Türkiye’nin Fırat’ın doğusuna girmesine ‘içerde ve dışarda’ tepki gösterenlere şaşırmak gerekir mi? Batı sisteminin patronu ABD’nin, muhtelif kanallar üzerinden üstelik doğrudan gizli servislerin marifetiyle elde ettiklerinin yanı sıra bu yola müracaat etmeden sivil görünümlü kuruluşlar eliyle devşirdiği, Avrupa’nın medya ya da insan hakları gibi kuruluşlar üzerinden kendisine bağımlı hale getirdiği çok sayıda ‘devşirmeden’ bahsetmek mümkündür.
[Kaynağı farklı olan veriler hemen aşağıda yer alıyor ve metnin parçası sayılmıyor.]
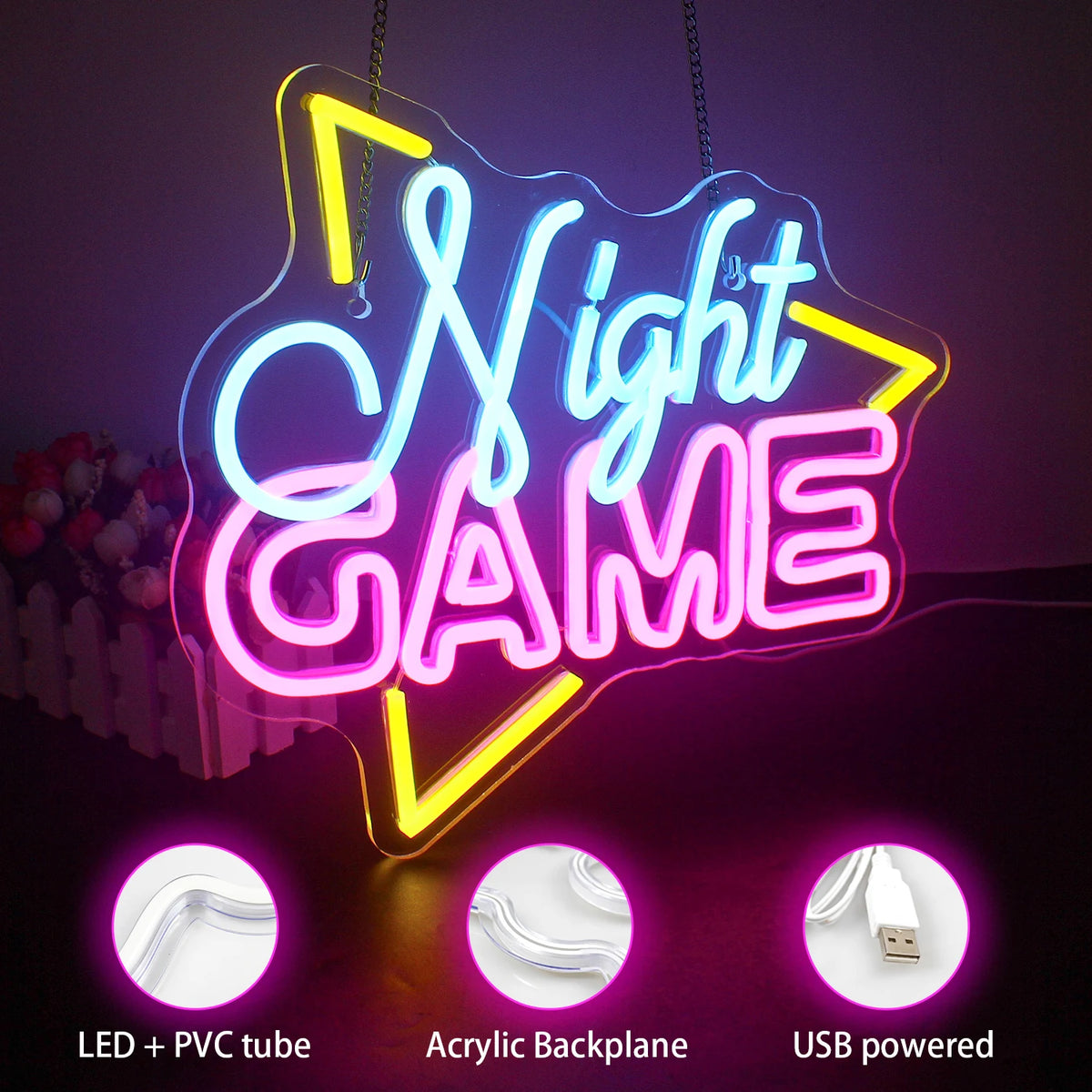 Night GAME – Driehoekig kader – LED-neonbord (5 V USB)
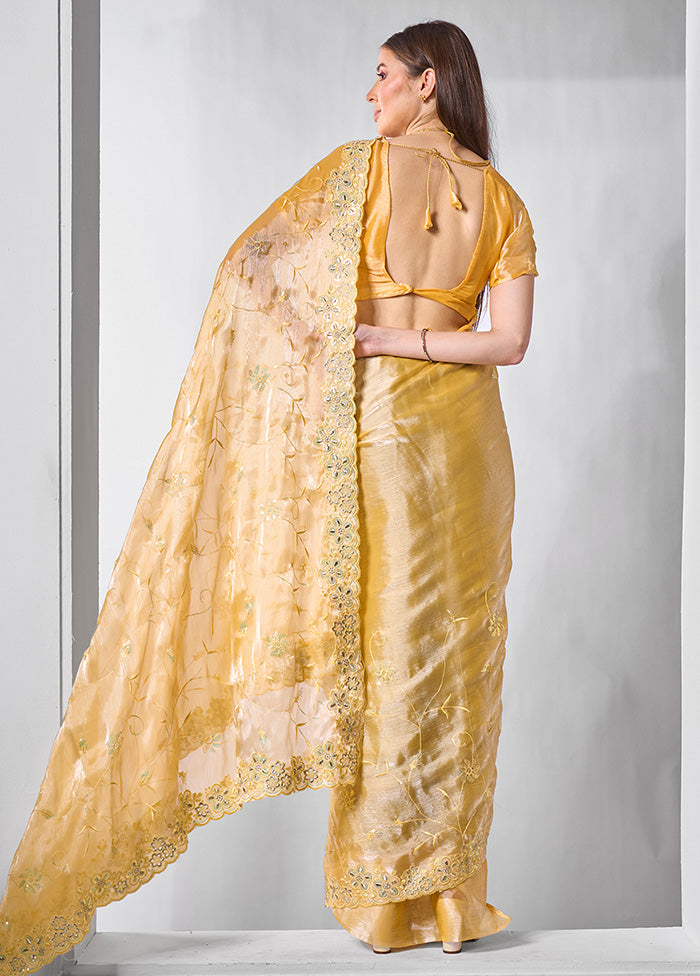 Yellow Spun Silk Saree With Blouse Piece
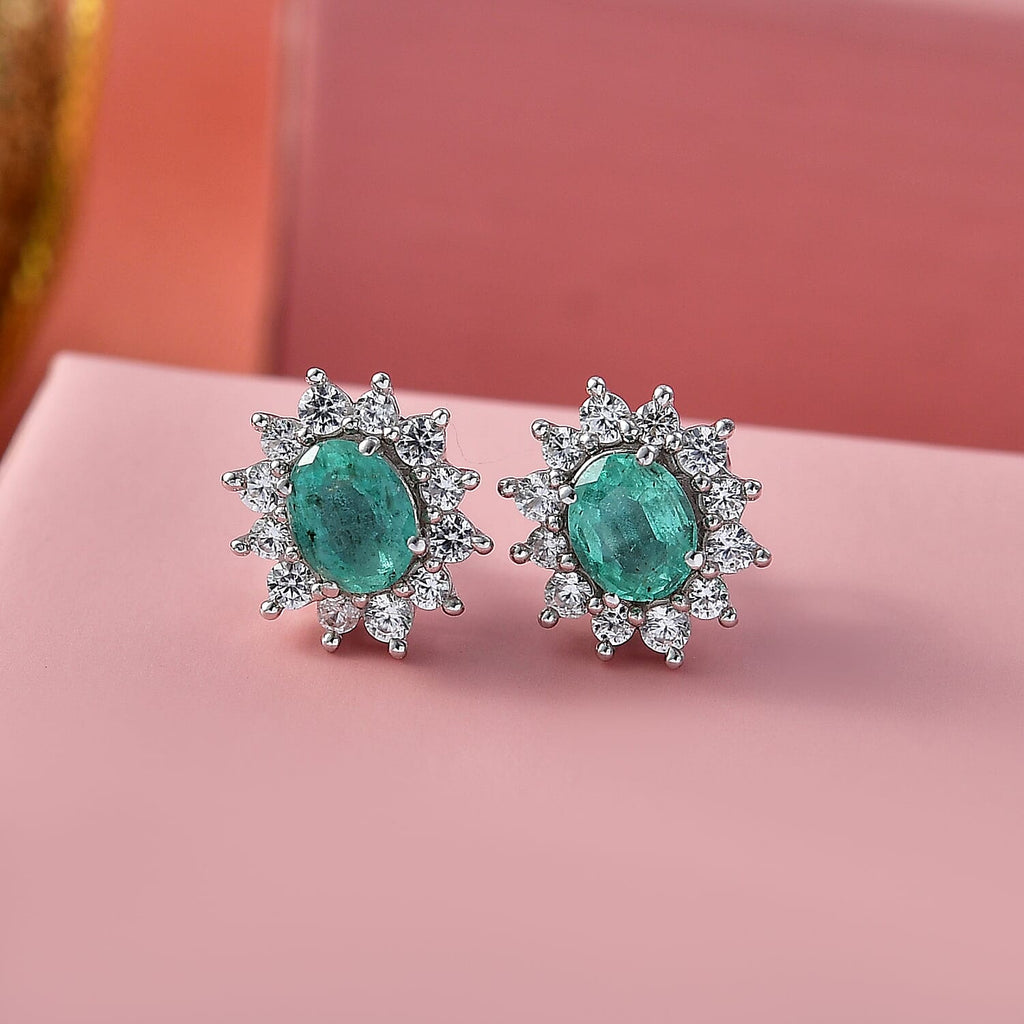 D'Joy AAA Premium Gemfields Zambian Emerald & White Zircon Sunburst Stud Earring with Push Back in Rhodium Overlay Sterling Silver 1.20 Ct.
Bunların bir kısmı medyada, bir kısmı akademi ya da başka saygın kuruluşlarda muhtelif sıfatları olan, aralarında aydın, sanatçı gibi unvanlar taşıyanları da vardır. Batının bu ‘operasyonel elemanları’ boşuna beslemediği herkesin bildiği bir şey olmalıdır; bu güruh tam da bugünler için kendisine verilen işi yapmaya zaten hazırdır; bu sebeple bunların medyada, içeride veya dışarıda çeşitli platformlarda ABD veya Avrupalı kuruluşların ağzıyla Türkiye’yi suçlayıcı konuşma yaptıklarını görmek işin tabiatı gereğidir. Bunları muhatap almak yerine doğrudan sahibine bakmak daha doğru olacaktır.
ABD VE AVRUPA FARKLI MI?
Batı sisteminin bütün bölgeyi hedef alan bir planı olduğu, Ortadoğu ülkelerinin siyasal yapılarını değiştirmek, haritalarını yeniden çizmek istediği açığa çıkmış bir stratejidir fakat bu sistem içinde Türkiye’nin bölünmesinin etnik ve mezhepsel olarak parçalanmasının öncelikli olarak Avrupa ülkelerinin hedefi olduğunu görmek gerekir; bir süredir ABD bu hedef doğrultusunda uzun zamandan bu tarafa çalışan Avrupa’nın önüne geçerek inisiyatifi ele almıştır denilebilir; bir anlamda ABD ile Avrupa arasında bir öncelik farkı vardır. ABD öncelikli olarak İran’ı hedef haline getirmek isterken Avrupa açısından Türkiye bir an önce ‘çözülmesi gereken bir problemdir’.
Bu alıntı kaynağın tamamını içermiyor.